Visiting the editorial cartoonists at the Jackson, Mississippi newspapers, I happened to meet Art Toalston, religion editor. He asked me to send him a cartoon each week for their religion page. Soon, I was marketing these to other newspapers across the South. Before long, Copley News Services out of San Diego bought the cartoons from me and resold them to newspapers across America. I was 40. (Art Toalston is the editor of Baptist Press these days, and remains a great friend and encourager.)
I’m unsure of the chronology, but at some point, the cartooning became the tail wagging the dog. I began to wonder if congregations were inviting me for my preaching or was it the sketching they wanted. My ego got involved.
So, I quit. “Lord,” I said, “I’m tired of this. If I never draw again, I’m satisfied. But if you want me to draw, you’ll have to give this back to me.”
In time He did. Soon, two other cartoonists and I combined to do eight volumes of “Instant Cartoons” (published by Baker Book House of Grand Rapids) which sold over 300,000 copies. Missionary leader Ralph Neighbour invited me to illustrate his publications for cell group ministry throughout Asia. (He told me once, “A year from now, your drawings will be in one million books.”)
I frequently sketch at the SBC’s annual conventions–previously at the Baptist Press exhibit and more recently at the New Orleans Baptist Theological Seminary’s exhibition. The Baptist Press has run one of my cartoons each weekday for nearly 15 years (which editors download and use; I never know who’s running them).
I sketch people everywhere, sometimes hundreds each week. Yesterday, while waiting to see my doctor (followup for cataract surgery the day before), I sketched two little boys who were there with their grandmother and made friends for life.
This weekend, I’ll do a churchwide dinner on Saturday night at a church in Boaz, Alabama, and preach for them Sunday morning. By the time I leave Sunday after church, I’ll probably have sketched from 50 to 75 or 100 people. Monday night, speaking at a deacons/wives dinner in Heflin, Alabama, I’ll sketch as many attendees as possible.

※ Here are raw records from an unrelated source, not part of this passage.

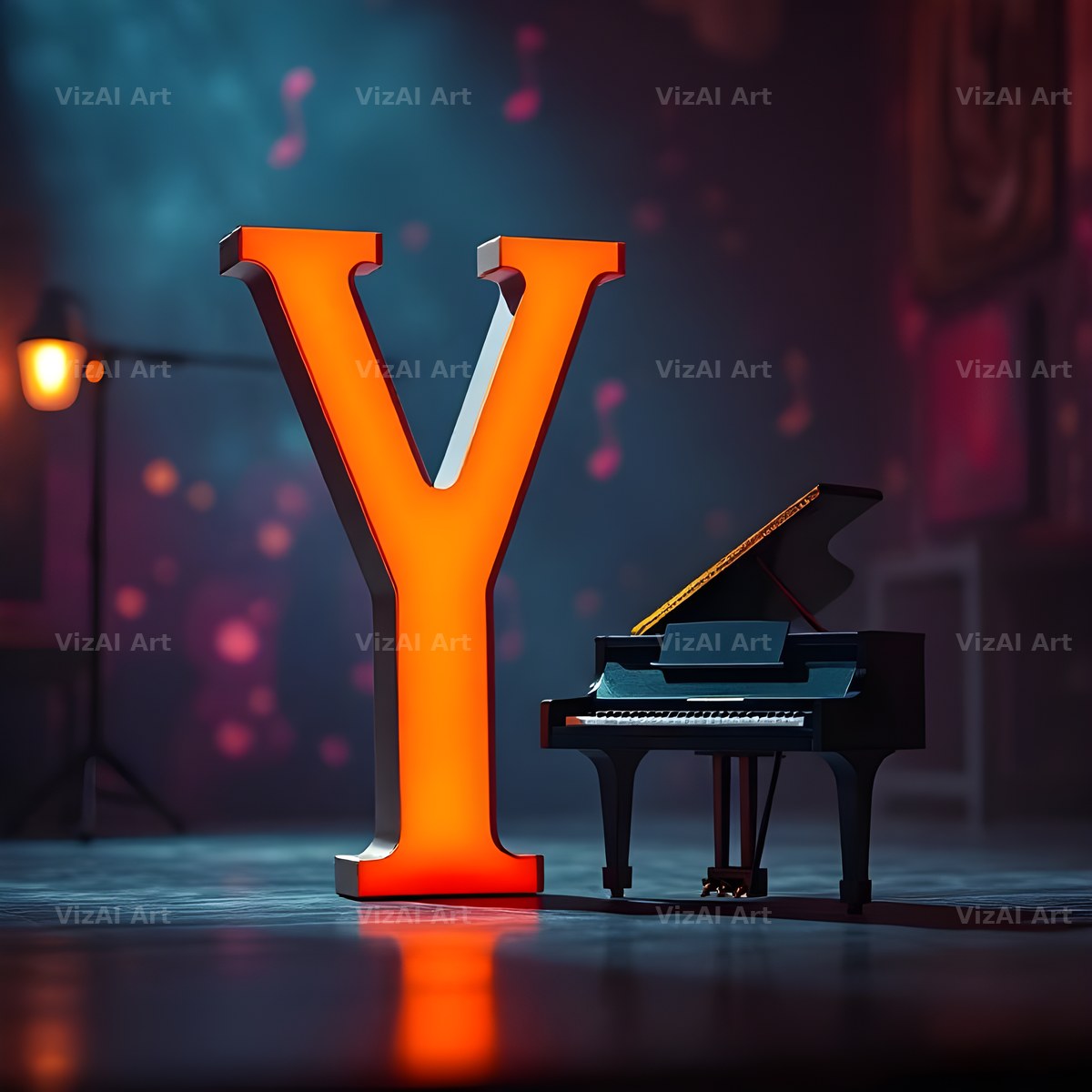 Neon Piano Stage alphabet letter Y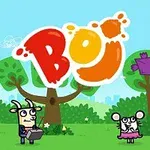 Tres personajes animados en un parque verde con árboles y un papalote morado, y el texto grande Boj en el cielo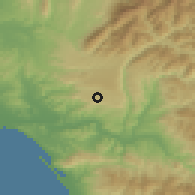 Shaded relief of the 54 km around Lálas, drawn from the GMTED2010 grid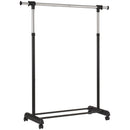 Mainstays Adjustable Rolling Garment Rack, Chrome & Black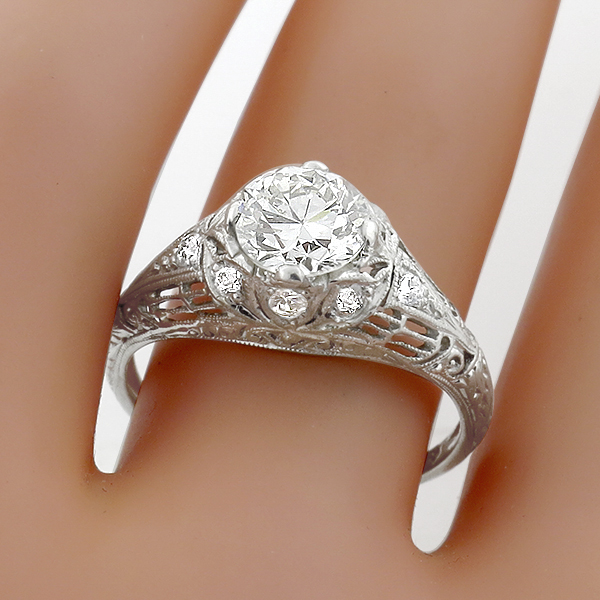 diamond platinum engagement ring  1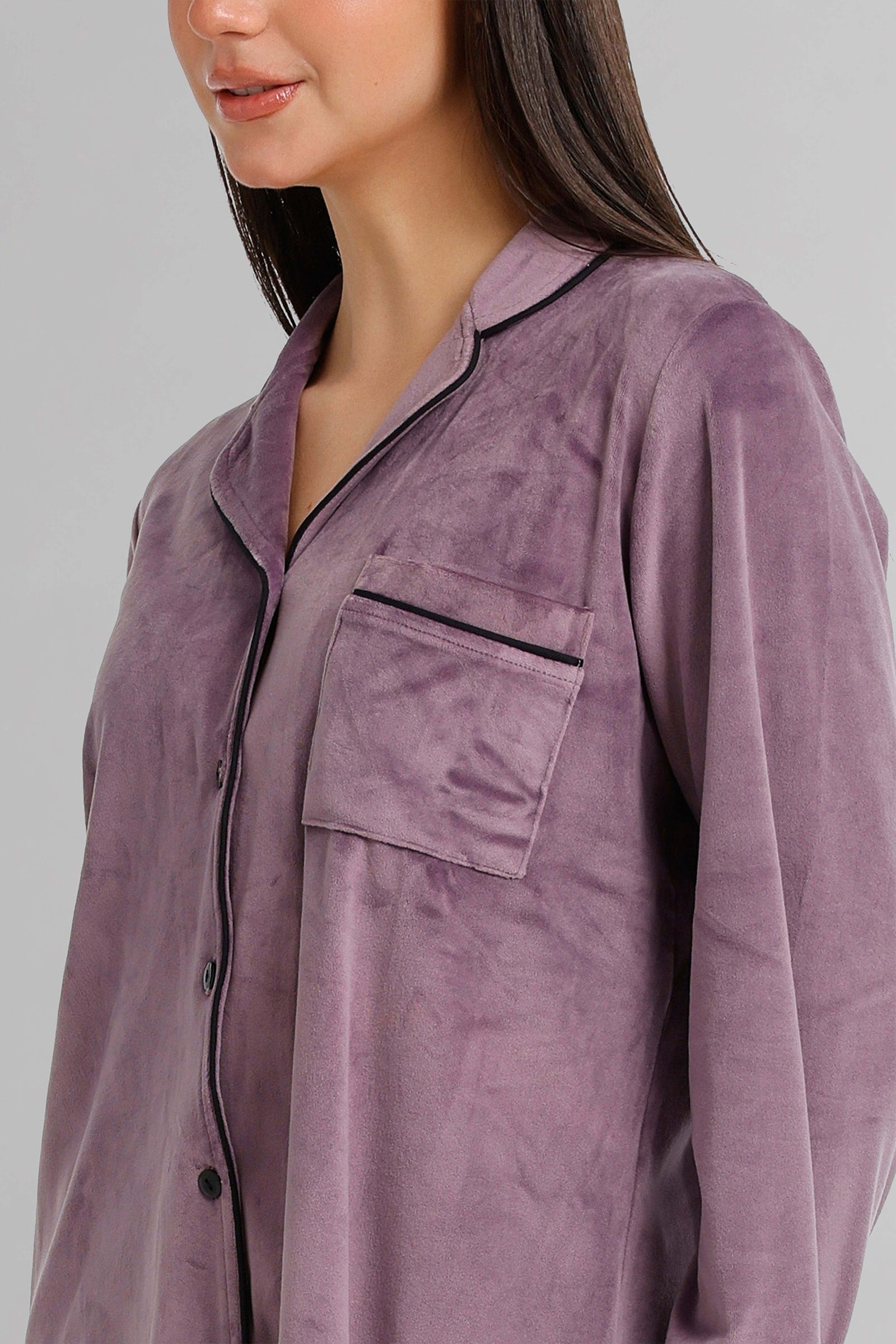 Piped Button-Front Pyjama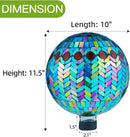 VOREEN Mosaic Glass Gazing Ball Outdoor Gazing Globe, Reflective Ball Yard Decoration for Homes, Patio, Lawn and Gardens, Gift for Mom Wife Friend, 10-Inch, Blue by CozyNest Decor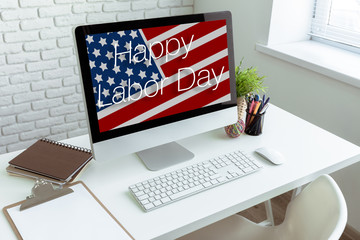 Happy Labor day banner, american patriotic background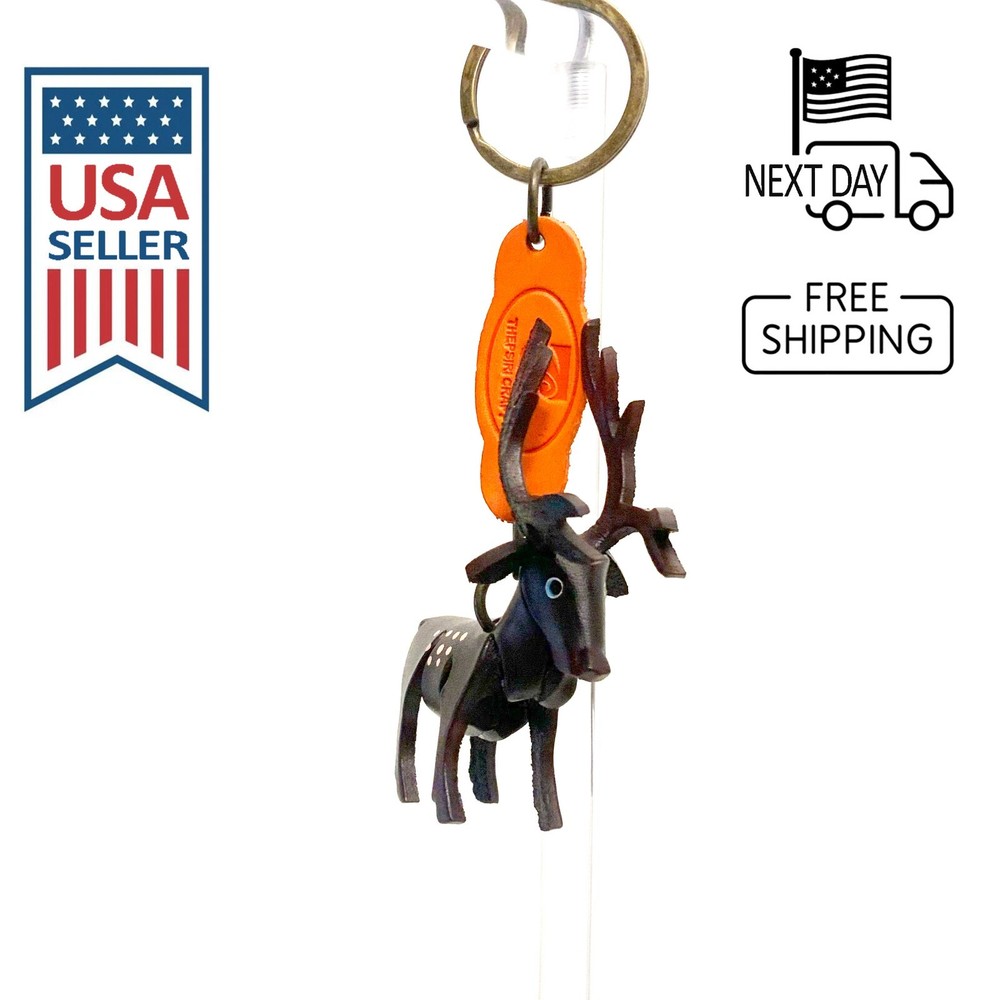 Sika Deer (Brown) Handmade Leather Keyring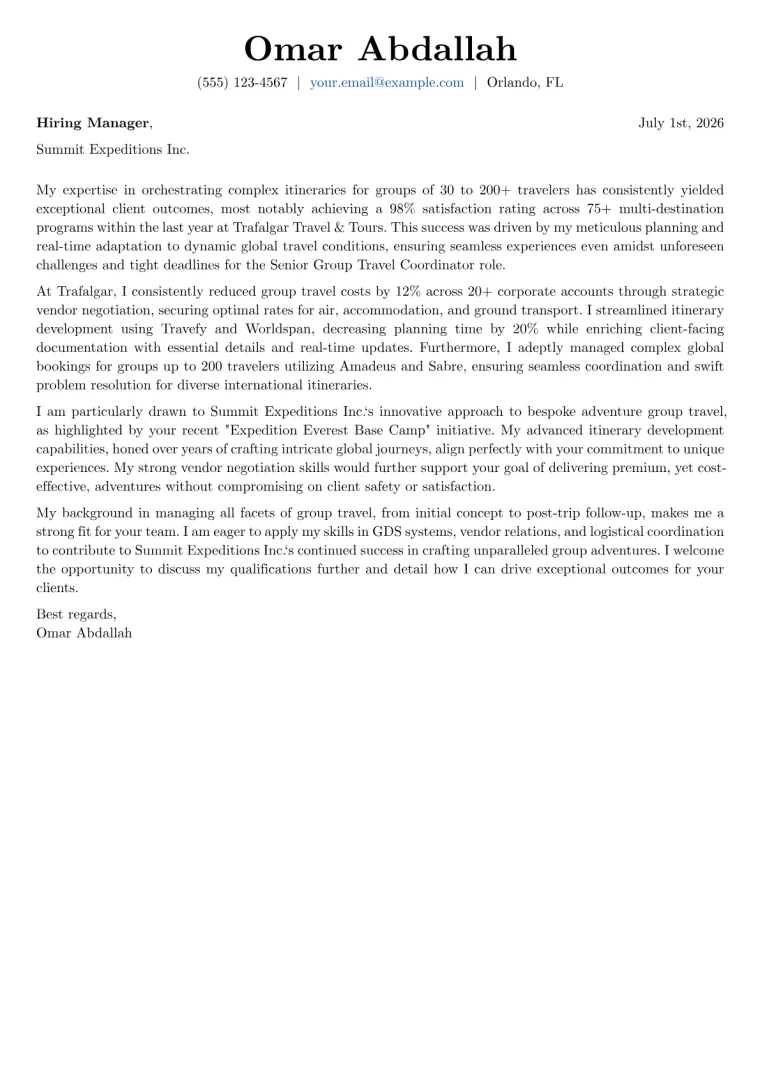 Group Travel Coordinator cover letter example preview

It’s not unusual for me to drive two hours to a church event, sketch people before the dinner and then while everyone is eating, stop long enough to deliver my talk (a mixture of inspiration, entertainment, and challenge), then return to sketching again. In many cases, I’m the last person to leave the building. It’s not unusual for me to stop at a Sonic on the way out of town for a little nourishment since I missed the dinner. I arrive home completely exhausted.
But I love it.
People ask, “Doesn’t your hand get tired?” I explain that I do exercises all the time so I can draw for many hours. “The problem is the brain. You concentrate on this person, they leave and you concentrate on the next person, and so forth. After a couple of hours of this, the brain is crying for mercy.” When I draw nonstop for two or three days–for conventions and such–at the end, I’m a blob, on automatic pilot.
My late wife of 52 years, seeing how exhausting nonstop sketching can be, would ask why I do this. I always had a difficult time answering it. “I’m not really sure. I enjoy doing it. It’s a wonderful little gift I can give to people. It’s just using what I have to glorify the Lord.”
I’m not a cartoonist who preaches. I’m a preacher who sketches and draws cartoons. The priority is always on God’s call to preach the Word.
“She has done what she could,” the Lord said of a woman who anointed Him.
That’s all He asks. Just do what you can, using what He has given you.